[Start of section]

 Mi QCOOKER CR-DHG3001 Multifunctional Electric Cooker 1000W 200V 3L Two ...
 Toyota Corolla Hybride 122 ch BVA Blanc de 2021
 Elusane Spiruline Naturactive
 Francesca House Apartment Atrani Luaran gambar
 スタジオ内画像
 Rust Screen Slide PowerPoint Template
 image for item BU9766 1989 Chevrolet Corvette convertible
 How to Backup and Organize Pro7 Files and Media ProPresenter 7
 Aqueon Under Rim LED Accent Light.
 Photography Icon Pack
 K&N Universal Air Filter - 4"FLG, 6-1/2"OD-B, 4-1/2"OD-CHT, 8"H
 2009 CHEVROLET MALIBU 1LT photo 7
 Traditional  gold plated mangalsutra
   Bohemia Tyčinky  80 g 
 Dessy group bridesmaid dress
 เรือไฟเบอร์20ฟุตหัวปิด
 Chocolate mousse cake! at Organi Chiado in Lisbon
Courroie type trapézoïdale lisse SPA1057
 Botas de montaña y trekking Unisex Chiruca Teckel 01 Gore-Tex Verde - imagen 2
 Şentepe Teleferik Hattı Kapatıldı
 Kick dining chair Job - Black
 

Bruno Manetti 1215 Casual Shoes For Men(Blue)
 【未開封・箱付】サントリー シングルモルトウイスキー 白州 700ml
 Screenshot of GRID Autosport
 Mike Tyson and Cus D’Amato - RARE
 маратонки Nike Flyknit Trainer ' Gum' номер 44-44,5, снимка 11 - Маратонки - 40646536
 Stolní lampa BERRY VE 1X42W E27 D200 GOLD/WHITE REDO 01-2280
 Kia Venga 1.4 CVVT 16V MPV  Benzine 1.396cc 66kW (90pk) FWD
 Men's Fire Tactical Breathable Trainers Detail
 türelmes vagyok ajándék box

[End of section]

Task
Please give back the records exactly as written, beginning at the first line and including the line that holds "Stolní lampa BERRY" as the last.

Output for this task
 Mi QCOOKER CR-DHG3001 Multifunctional Electric Cooker 1000W 200V 3L Two ...
 Toyota Corolla Hybride 122 ch BVA Blanc de 2021
 Elusane Spiruline Naturactive
 Francesca House Apartment Atrani Luaran gambar
 スタジオ内画像
 Rust Screen Slide PowerPoint Template
 image for item BU9766 1989 Chevrolet Corvette convertible
 How to Backup and Organize Pro7 Files and Media ProPresenter 7
 Aqueon Under Rim LED Accent Light.
 Photography Icon Pack
 K&N Universal Air Filter - 4"FLG, 6-1/2"OD-B, 4-1/2"OD-CHT, 8"H
 2009 CHEVROLET MALIBU 1LT photo 7
 Traditional  gold plated mangalsutra
   Bohemia Tyčinky  80 g 
 Dessy group bridesmaid dress
 เรือไฟเบอร์20ฟุตหัวปิด
 Chocolate mousse cake! at Organi Chiado in Lisbon
Courroie type trapézoïdale lisse SPA1057
 Botas de montaña y trekking Unisex Chiruca Teckel 01 Gore-Tex Verde - imagen 2
 Şentepe Teleferik Hattı Kapatıldı
 Kick dining chair Job - Black
 

Bruno Manetti 1215 Casual Shoes For Men(Blue)
 【未開封・箱付】サントリー シングルモルトウイスキー 白州 700ml
 Screenshot of GRID Autosport
 Mike Tyson and Cus D’Amato - RARE
 маратонки Nike Flyknit Trainer ' Gum' номер 44-44,5, снимка 11 - Маратонки - 40646536
 Stolní lampa BERRY VE 1X42W E27 D200 GOLD/WHITE REDO 01-2280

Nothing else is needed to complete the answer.